Data listing
○ ○ ○ ○
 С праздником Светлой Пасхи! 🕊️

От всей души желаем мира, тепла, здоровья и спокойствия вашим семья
○ ○ ○ ○
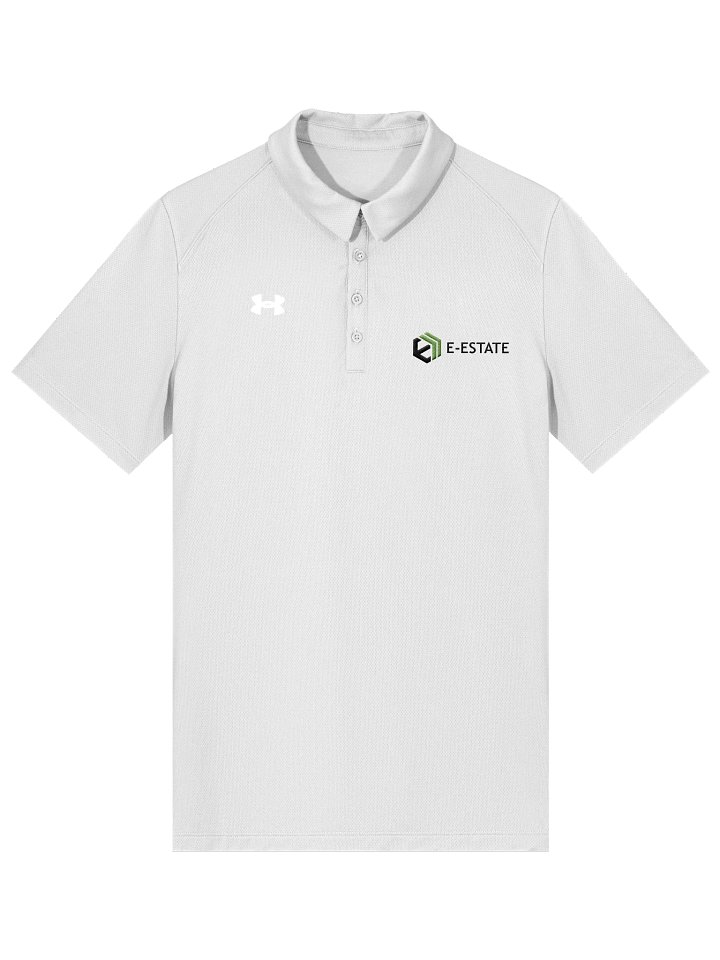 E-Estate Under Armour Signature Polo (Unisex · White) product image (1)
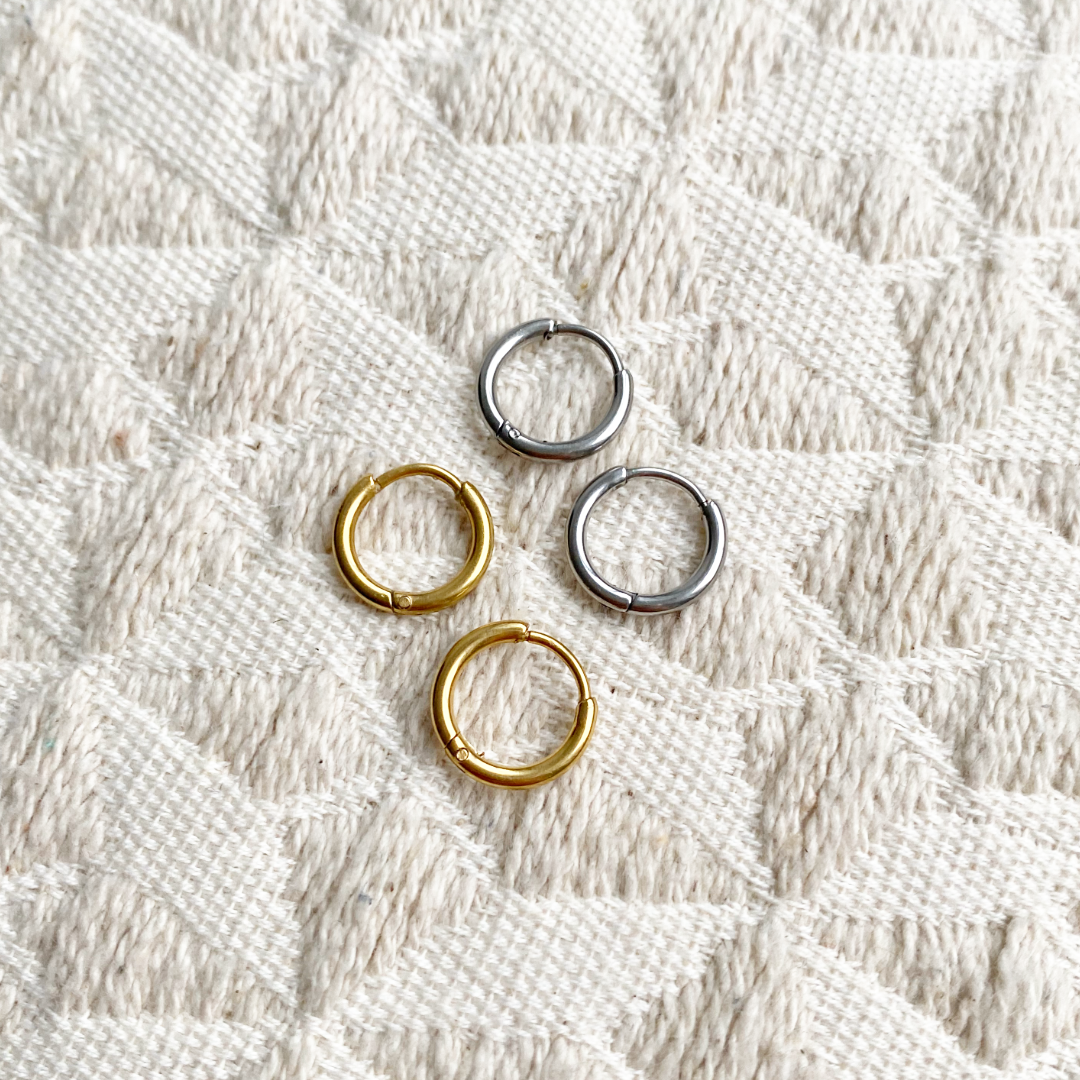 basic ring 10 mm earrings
○ ○ ○ ○
What to produce
Only one part of the listing is wanted: the lines from the one containing "E-Estate Under Armour" through the one containing "basic ring 10 mm earrings", both included. Please transcribe it exactly, leaving out the pictures.

Response area
 E-Estate Under Armour Signature Polo (Unisex · White) product image (1)
 basic ring 10 mm earrings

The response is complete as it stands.